Elle est le maître des dieux, et lorsque Saturne son père croit dévorer Jupiter en avalant un caillou, ne vous récriez point. Cet acte, qui semble de prime abord plus convenable pour une autruche que pour un dieu, n'étonne que l'ignorance. Car, la pierre étant la substance habituelle des dieux, quoi de surprenant si les dieux enfantent la pierre (Lire pour ces passages et les suivants, avec les détails innombrables que j'omets, et les autorités qui les prouvent, mes Beth-el, 2e édit., 1845, mais surtout Dieu et les dieux, Paris, 1854. — Voir sur ce travail le savant rabbin converti Drach, ancien bibliothécaire de la propagande, Harmonie, 2e éd., p. 445-6, note, etc. — Mon ami M. de Mirville a souvent cité mon livre Dieu et les dieux, qui est un de ses livres favoris. Voir ce qu'il en dit vol. 1, chap. VII, p. 225-6, 3e édit., et autres volumes. — Ce volume de Dieu et les dieux aide à comprendre un grand nombre de passages de la Bible, et résout, par des monuments et des faits, un grand nombre d'énigmes mythologiques dans le monde gréco-romain, celte, scythe, américain, etc.) ?

Damascius, entre autres témoins, a vu de ses yeux un bétyle se promenant en l'air ; j'étais persuadé, s'écriait-il, que le bétyle a quelque chose de divin ! Isidore le disait plutôt démoniaque ou spiritisé, ajoutant : C'est un esprit qui lui donne le mouvement (Vita Isid. apud Photium, Drach, Harm., 446). Cette expression marquait la décadence du culte, et les bétyles eurent en effet leur éclipse. L'un d'eux, et des plus anciens sinon des plus grands, le vrai sidérite donné par Apollon au Troyen Hélénus, avait le don de la parole ; il lui prédit la ruine de Troie. Lors qu'il refusait de parler, on feignait de vouloir le lancer au loin. De même, au sixième siècle de l'ère chrétienne, le bétyle que porte dans son sein le médecin Eusèbe, ami d'Isidore, s'entête-t-il dans son silence, vous le fichez dans un trou de muraille. Humilié, ravalé à la condition des pierres communes, il s'exprime alors d'une voix sifflante et rappelle ainsi le nom du bétyle ophite, c'est-à-dire de la pierre divine et serpent. Chaque bétyle a donc, suivant les temps, son dieu, son génie ou, comme nos tables oraculaires, jusqu'à son âme ! car, si vous observez l'initié américain, issu des compagnons Chananéens, ou serpents, de quelque Cadmus (Dieu et les dieux, chap. xv ; et plus bas, chap. l, Cadmus), vous le verrez placer entre les lèvres de son ami moribond une pierre ; elle sera toute simple s'il est pauvre, mais précieuse s'il peut se la procurer. Le moribond venant alors à expirer, c'est la pierre qui reçoit son âme : elle y entre, et l'ami trouve ainsi le moyen tout spirite de la recueillir.

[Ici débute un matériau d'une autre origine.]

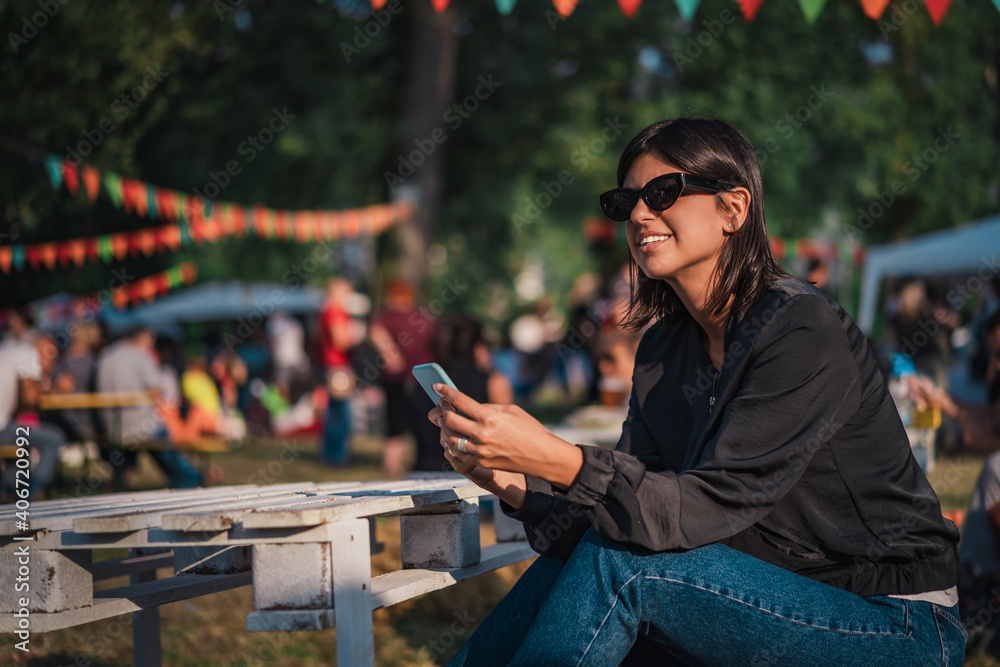 Obraz premium Beautiful female using mobile phone on sunny day on outdoor street fair parade festival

La pierre après tout, non contente de prophétiser, se transforme quelquefois et disparaît ; ou plutôt, elle se manifeste sous les traits du dieu qu'habituellement elle couvre et dissimule. Ainsi la pierre de Tohil fait entendre sa voix, que le peuple écoute avec une religieuse terreur. Les prêtres aussitôt tirent du sang de leurs veines pour en oindre cette pierre, et lui sacrifient de nombreuses victimes humaines... Tout à coup, trois jeunes gens sont devant eux ; cette trinité sortie de l'unité parle, et sa parole est un enseignement salutaire (Lire Mexique, Brasseur, p. 574, 135, etc.).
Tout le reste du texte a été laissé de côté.